> **THE PROBLEM**
Word for word, copy the lines from the one with "Hand-Painted Austria Brown" to the last line of the data below, counting both, and keep every picture out.

--------------------------------

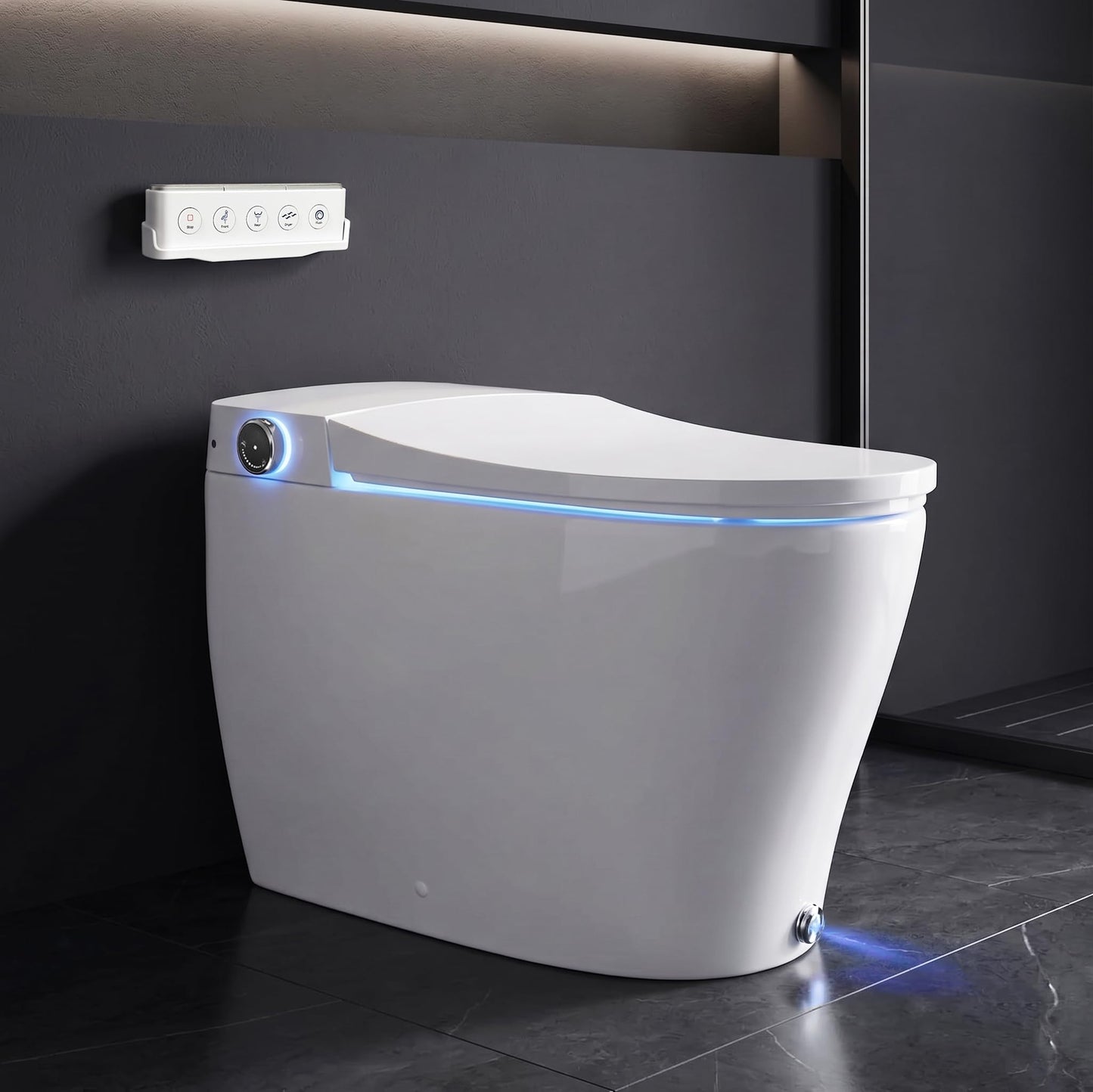 BidetMate 6000 Series Intelligent Bidet Japanese Toilet Combination – Hands-Free Open/Close toilet and bidet – Instant Heated Water, Dryer, & Seat – Quick Drying Cyclone-Dri, Auto Flush, Night Light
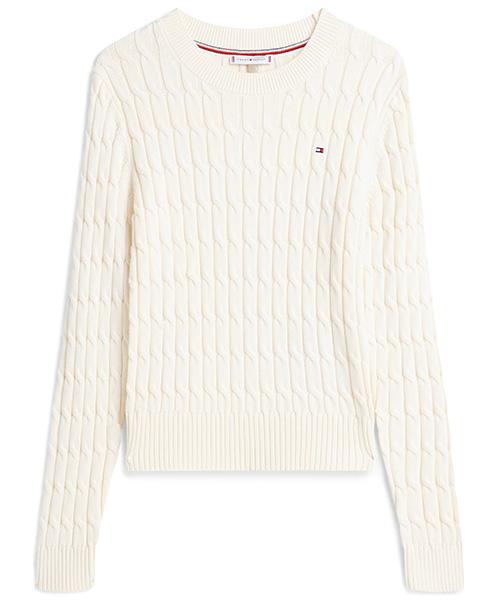 TOMMY HILFIGER Cotton Cable Crew Neck Sweater (T22G0Kto001Wt2Aef)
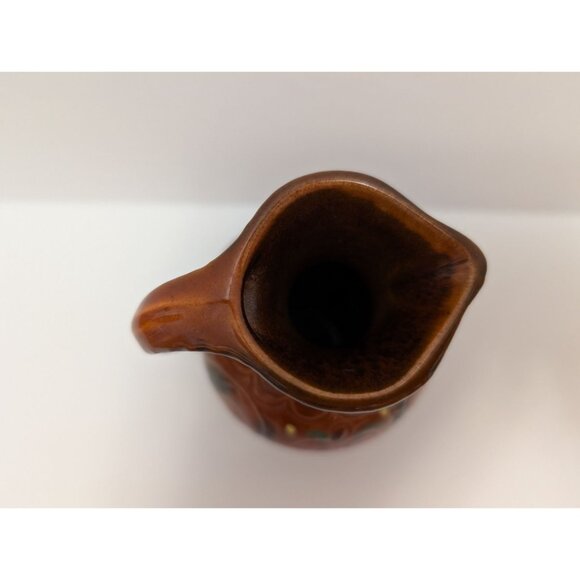 Hand-Painted Austria Brown Ceramic Pitcher Vase  5.5" Tall Vintage - Picture 4 of 7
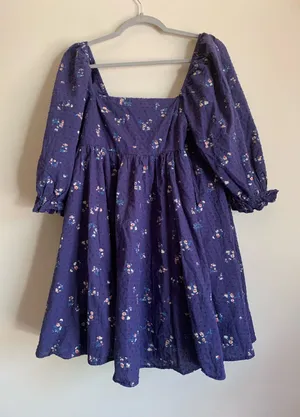 Altar'd State Navy Floral Puff-Sleeve Dress Short Half Sleeve Women Size Medium thumbnail 1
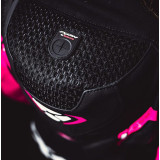Costum (combinezon) motociclete femei piele Ixon vara model Vortex 3 LS culoare: negru/roz/alb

--------------------------------

> **ANSWER TO THIS PROBLEM**
 Hand-Painted Austria Brown Ceramic Pitcher Vase  5.5" Tall Vintage - Picture 4 of 7
 Altar'd State Navy Floral Puff-Sleeve Dress Short Half Sleeve Women Size Medium thumbnail 1
Costum (combinezon) motociclete femei piele Ixon vara model Vortex 3 LS culoare: negru/roz/alb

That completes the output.